▶ _EXERCISE PROMPT_:
Dropping every picture, set down exactly the lines in the entries below, starting with the line with "0818 มอเตอร์กระแสตรงไร้แปรงถ่าน 6V" and going on through the line with "на нову (приладів)".

▶ _SOURCE DATA_:
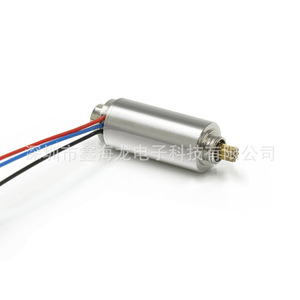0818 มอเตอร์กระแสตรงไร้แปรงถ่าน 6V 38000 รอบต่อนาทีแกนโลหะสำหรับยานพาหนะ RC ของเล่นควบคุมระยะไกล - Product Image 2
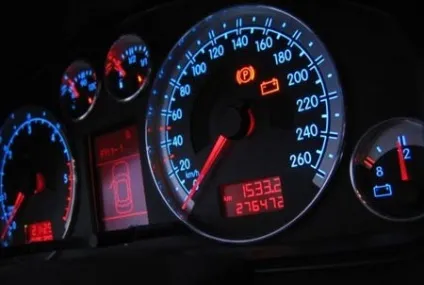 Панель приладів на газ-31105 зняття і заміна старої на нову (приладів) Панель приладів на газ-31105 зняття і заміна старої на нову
--
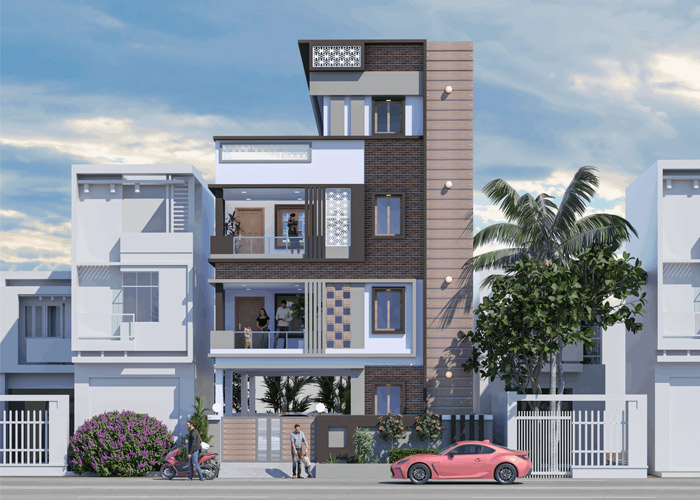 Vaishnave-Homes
---
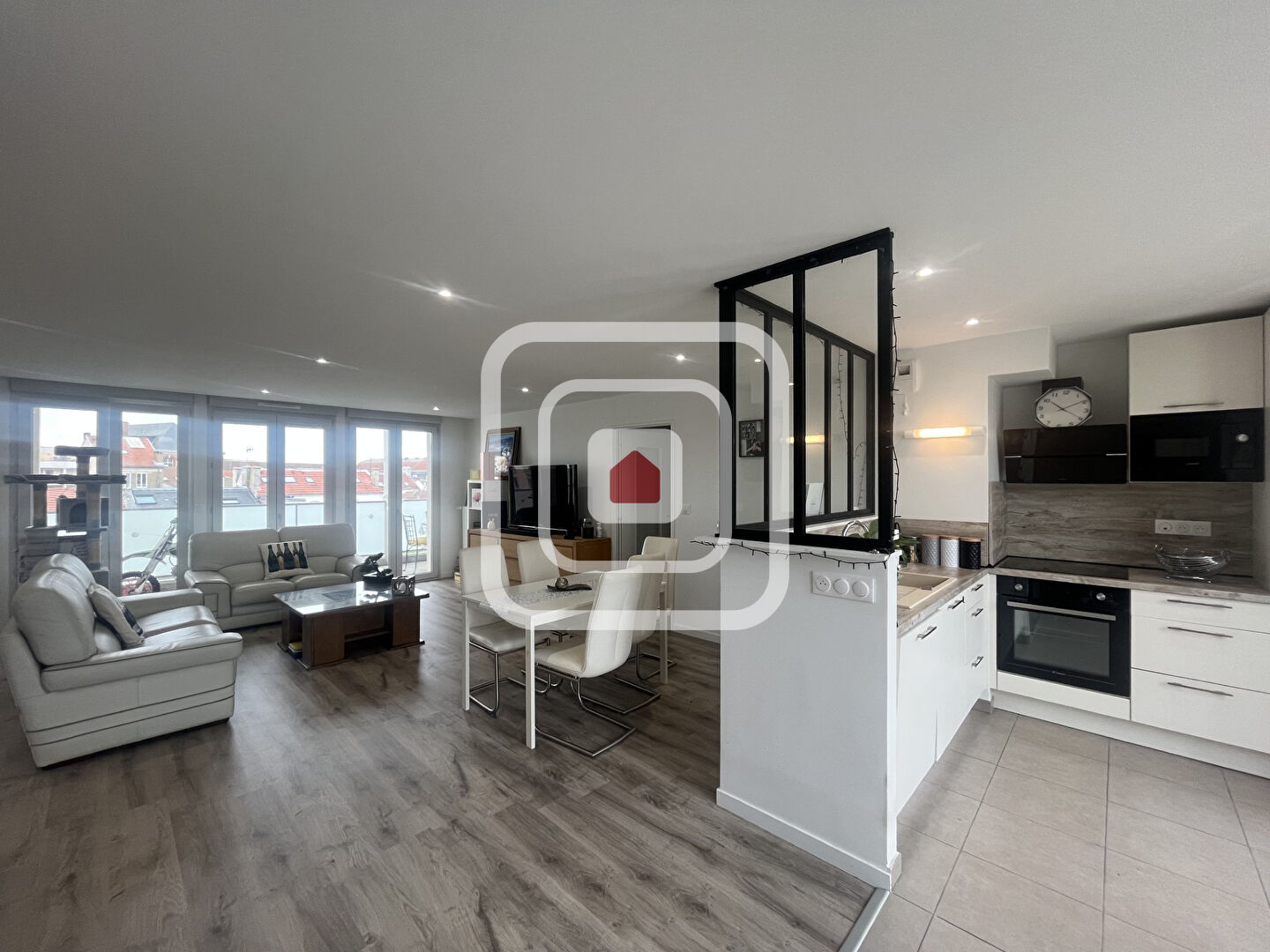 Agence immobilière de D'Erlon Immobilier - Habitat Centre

▶ _ANSWER TO THIS TASK_:
0818 มอเตอร์กระแสตรงไร้แปรงถ่าน 6V 38000 รอบต่อนาทีแกนโลหะสำหรับยานพาหนะ RC ของเล่นควบคุมระยะไกล - Product Image 2
 Панель приладів на газ-31105 зняття і заміна старої на нову (приладів) Панель приладів на газ-31105 зняття і заміна старої на нову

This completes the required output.